You can grow the pink and red ‘Lucky Lips’, the white ‘Royal Bride’ and the red-leaved and pink-flowered ‘Bronze Dragon’. You can buy various coloured mixes such as ‘Magic Carpet’, ‘Circus Clowns’, ‘Double Madame Butterfly Mix’, ‘Dwarf Bedding Mix’ or ‘Reminiscent Mix’.
For trailing in hanging baskets, you can grow ‘Antirrhinum Trailing’ or ‘Chinese Lanterns’. For mixed colours, you can grow the purple and pink-flowered ‘Purple Twist’ or the red and orange colour ‘Rembrandt’.

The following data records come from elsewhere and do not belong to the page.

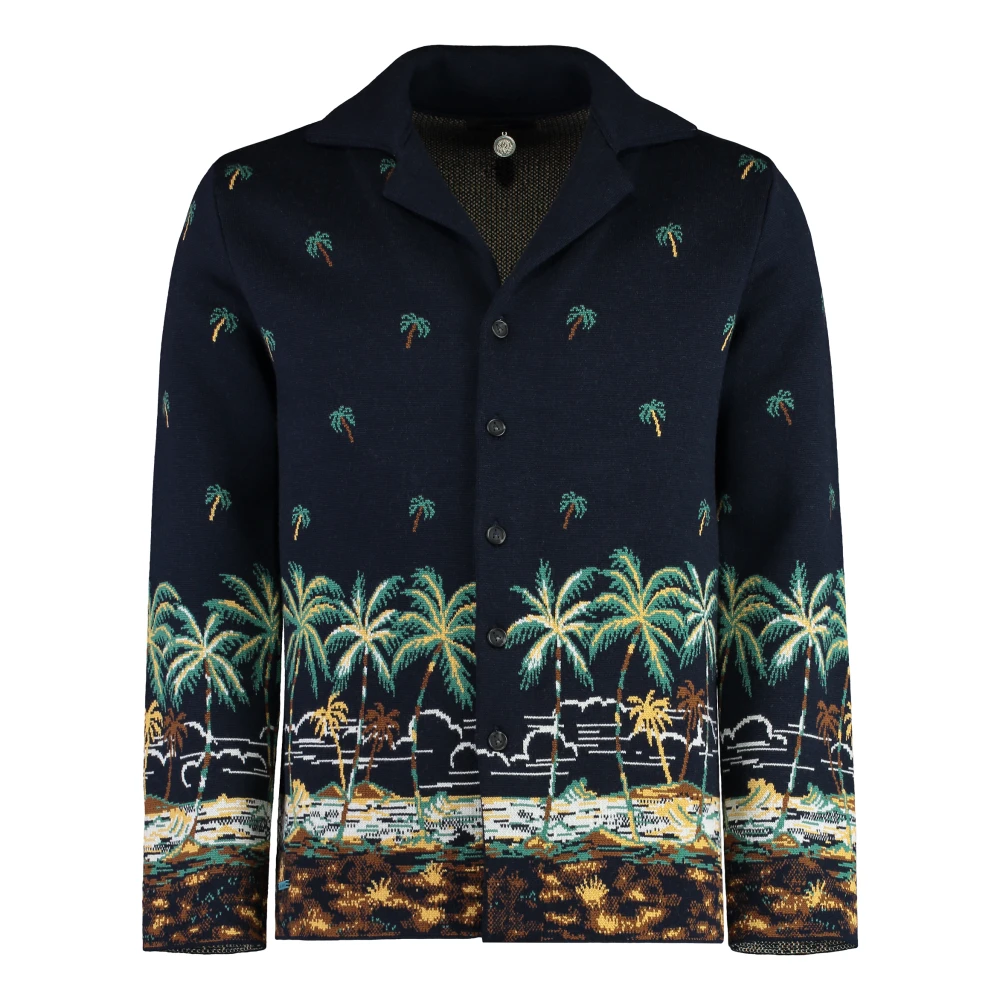Alanui Hawaiiaanse Virgin Wool Overshirt Hoornknopen Multicolor Heren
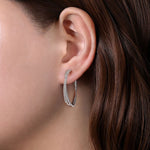 925 Sterling Silver White Sapphire Twisted Bujukan 30mm Classic Hoop Earrings - EG14446SVJWS-Gabriel & Co.-Renee Taylor Gallery
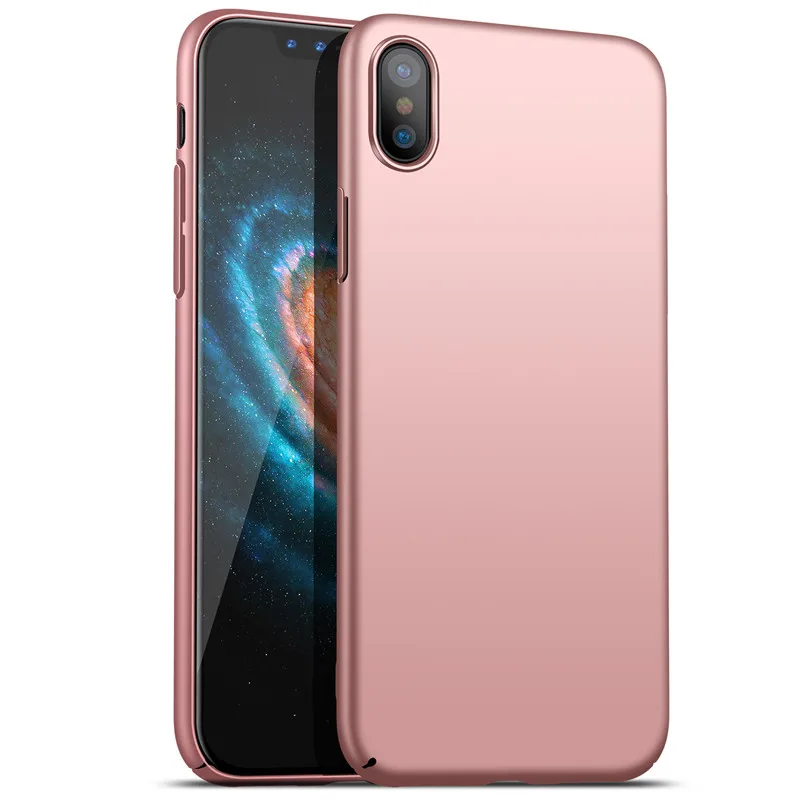 XS Max чехол для iPhone XS чехол для iPhone XR чехол жесткая задняя крышка из ПК Mofi для iPhone X чехол однотонный цвет чистый черный красный - Цвет: Rose gold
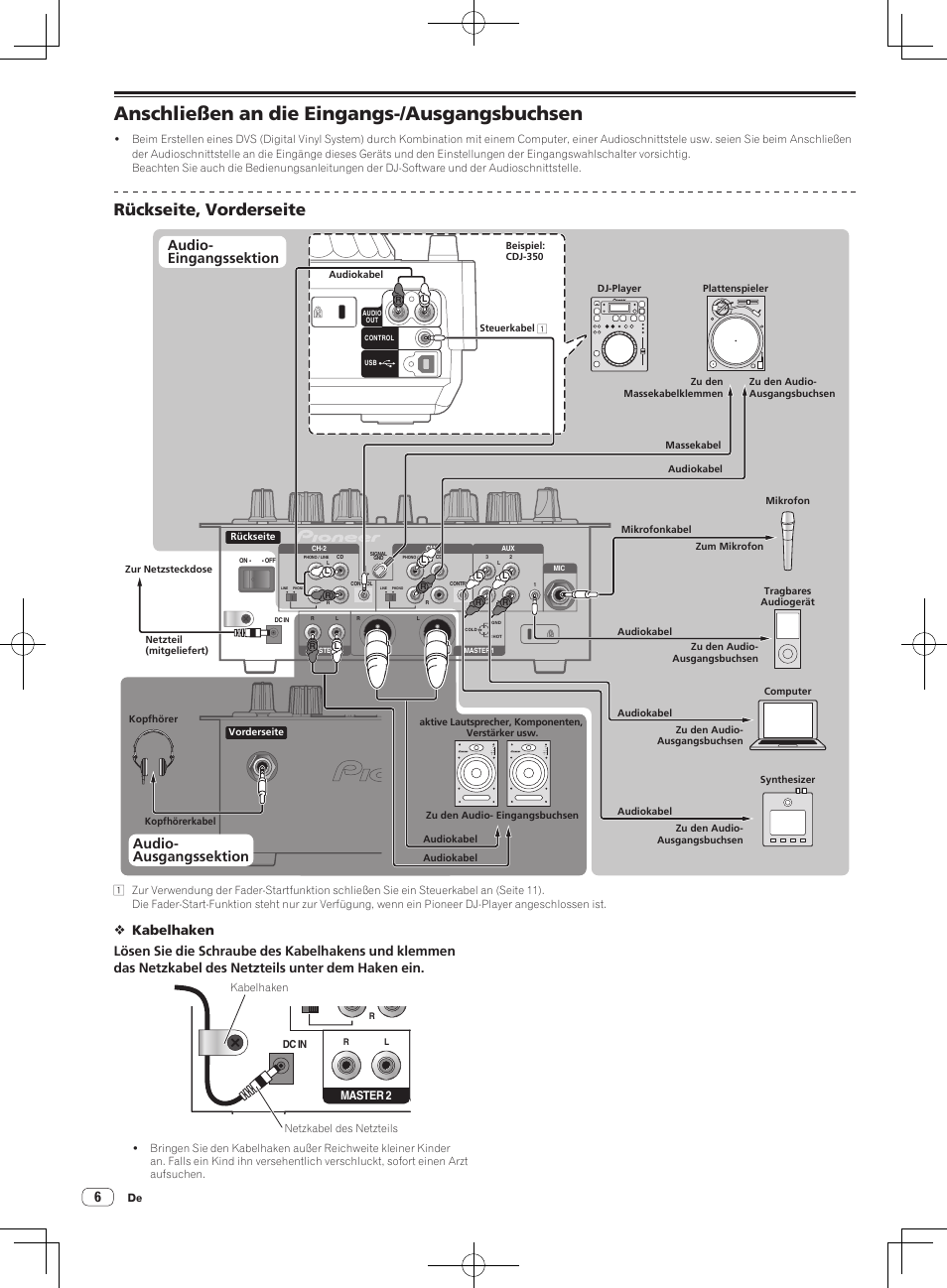 Anschließen an die eingangs-/ausgangsbuchsen, Rückseite, vorderseite, Audio- eingangssektion | Audio- ausgangssektion | Pioneer DJM-250 User Manual | Page 34 / 43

A wonderful species that is a little bit different, where you can grow yellow and white flowers, is Antirrhinum braun-blanquetii.
In this article, we have discussed how to grow antirrhinums in containers. As you can see you have such a wide choice of varieties to grow and it is so easy to grow from seeds, as they come in so many available mixes. They are so easy to grow, easy to look after and you will have colour all summer long. This is provided you deadhead, water and feed regularly. A plant that should brace any summer bedding plant container scheme.
If you have any questions or comments that you wish to make on growing Antirrhinums in containers, please do so in the comment box below.
Happy Antirrhinum growing.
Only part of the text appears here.